The Epidemic In HIV For South Africa Social Policy Essay

The epidemic of HIV is still a heavy load on South Africa. The prevalence rate among grownups ( 15-49 ) has bit by bit risen from an norm of 16.9 % in 2001 to 18.1 % in 2007, with an mean figure of deceases due to AIDS estimated at 350,000 for both grownups and kids in 20071.

Management of HIV septic persons with Highly Active Anti Retroviral Treatment ( HAART ) involves the usage of a combination of three drugs as follows ; a peptidase inhibitor ( PI ) combined with two nucleoside contrary RNA polymerase inhibitors ( NRTIs ) or a PI, a Non Nucleoside Reverse RNA polymerase Inhibitor ( NNRTI ) and an NNRTI 2.The three drugs are administered together day-to-day on a uninterrupted footing. Since the beginning of the usage of HAART in 1996, there has been a rapid and important decrease in HIV related morbidity and mortality rates in states where HAART was made readily available and accessible. HAART is effectual in cut downing the rate of viral reproduction, the rate of patterned advance of the disease to AIDS and subsequent decease 2.

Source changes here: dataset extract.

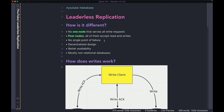There is no single point of failure in a leaderless architecture. In the leader-follower model, all your writes went to the leader node, so if something bad happened to the leader you'd have to elect a new leader, and during that time writes would not be successful. However, in the leaderless architecture, given all nodes are peer nodes, even if one or two nodes are down you can still keep writing data to your database.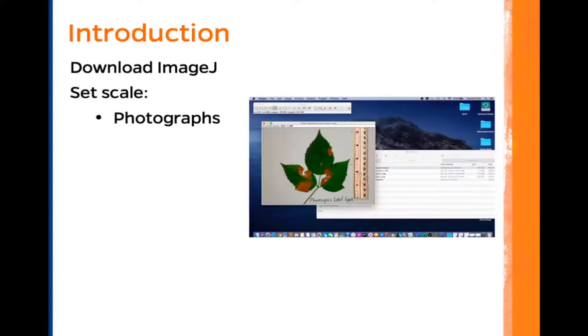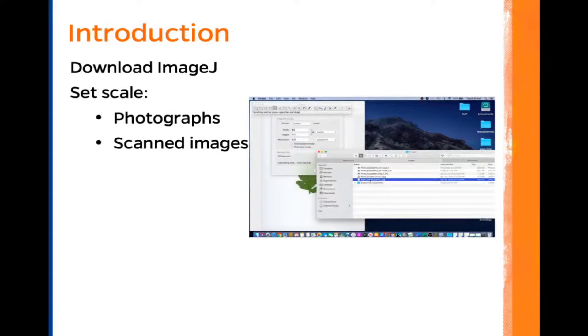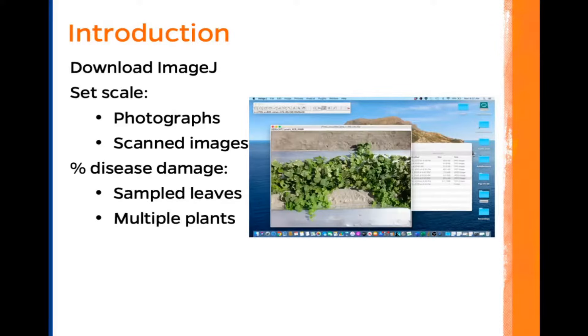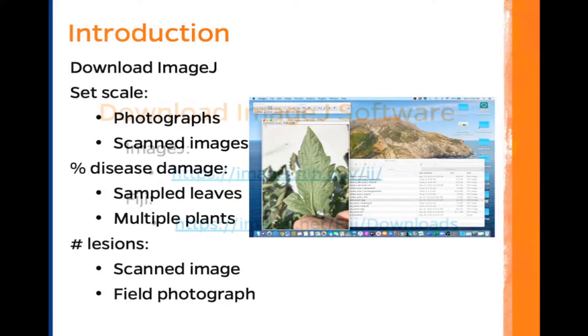In this video tutorial, we will download the ImageJ software. We will set scale for photographs and for scanned images. We will calculate the percentage of disease damage for a few sample leaves and for multiple plants. We will also count the number of lesions on the same leaf from a scanned image and a field photograph.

Economic rating refers to “the comparative analysis of alternate classs of action in footings of both their costs and consequences”3. Health attention resources are scarce and markets are an inefficient agencies of apportioning resources for health/health attention. Decisions ( particularly over alternate picks ) have to be made desperately despite unsure fortunes. Economic rating can supply the footing for budgeting and equal scene of precedences, therefore bettering the efficiency of resource allotment. Economic analysis can be done either along-side randomized clinical tests ( RCTs ) , or utilizing determination analytical modeling. Economic ratings done along-side RCTs are unequal because the clip skyline for the analysis is inappropriate, non all available options are compared, assorted positions can non be assessed ( societal/health service ) and the consequences are non generalisable to other scenes. The usage of determination analytical modeling addresses the jobs mentioned supra, every bit good as leting for synthesis of grounds across a figure of tests, doing the consequences more generalisable. It is besides able to capture costs and benefits that occur in the hereafter long after clinical tests have ended, and therefore enabling determination devising when there is deficiency of lucidity from bing informations 4.The purpose of this survey was to compare the use and cost of HIV related wellness attention between cohorts of patients having HAART compared to those non having HAART, to measure if the usage of HAART is cost-efficient. A wellness service position was taken.

Method

THE MODEL

A Markov theoretical account dwelling of 60 rhythms of one twelvemonth periods each was used to imitate the patterned advance of a conjectural cohort of 1000 South African HIV positive persons and to gauge the cost, effects and cost-effectiveness of the two viing intervention options 5. The theoretical account consisted of four distinct and reciprocally sole wellness provinces which were based on CD4 counts ( fig-1 ) .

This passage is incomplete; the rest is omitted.